Li Keyong then advanced to Jingnan's Liyuan Camp (黎園寨, in modern Xianyang). Hearing of Li Keyong's victory there, Li Maozhen, fearful, executed Li Jipeng and presented his head to Emperor Zhaozong to beg for forgiveness, and also wrote Li Keyong to seek peace. Emperor Zhaozong thus ordered Li Keyong to concentrate on attacking Wang Xingyu. Emperor Zhaozong then declared a general campaign against Wang Xingyu and stripped him of all of his titles. Li Maozhen, despite sending the emissaries to the emperor and Li Keyong, sent troops to aid Wang.

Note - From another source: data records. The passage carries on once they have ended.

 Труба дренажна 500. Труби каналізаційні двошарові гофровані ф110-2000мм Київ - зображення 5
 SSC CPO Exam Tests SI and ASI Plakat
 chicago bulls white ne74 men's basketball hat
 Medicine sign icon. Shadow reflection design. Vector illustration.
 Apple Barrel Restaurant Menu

Li Keyong thus asked Emperor Zhaozong to extend the campaign to Li Maozhen as well. Emperor Zhaozong disagreed, but issued an edict ordering Li Maozhen to withdraw. By winter 895, Liyuan fell. Wang Xingyue and Wang Xingshi, who were then at Ning Prefecture (寧州, in modern Qingyang, Gansu), abandoned it and fled. After Li Keyong then defeated Wang Xingyu at Longquan Camp (龍泉寨, in modern Weinan), Wang Xingyu fled back to Bin Prefecture and defended it, while sending offers to surrender to Li Keyong. Li Keyong refused. Wang then abandoned Bin Prefecture and fled; he was killed in flight by his own officers; his head was delivered to Chang'an and presented to Emperor Zhaozong. At Li Keyong's recommendations, Emperor Zhaozong commissioned the imperial guard general Su Wenjian (蘇文建) to be the new military governor of Jingnan.

== Notes and references ==

- Old Book of Tang, vol. 175.
- New Book of Tang, vol. 224, part 2.
- Zizhi Tongjian, vols. 256, 258, 259, 260.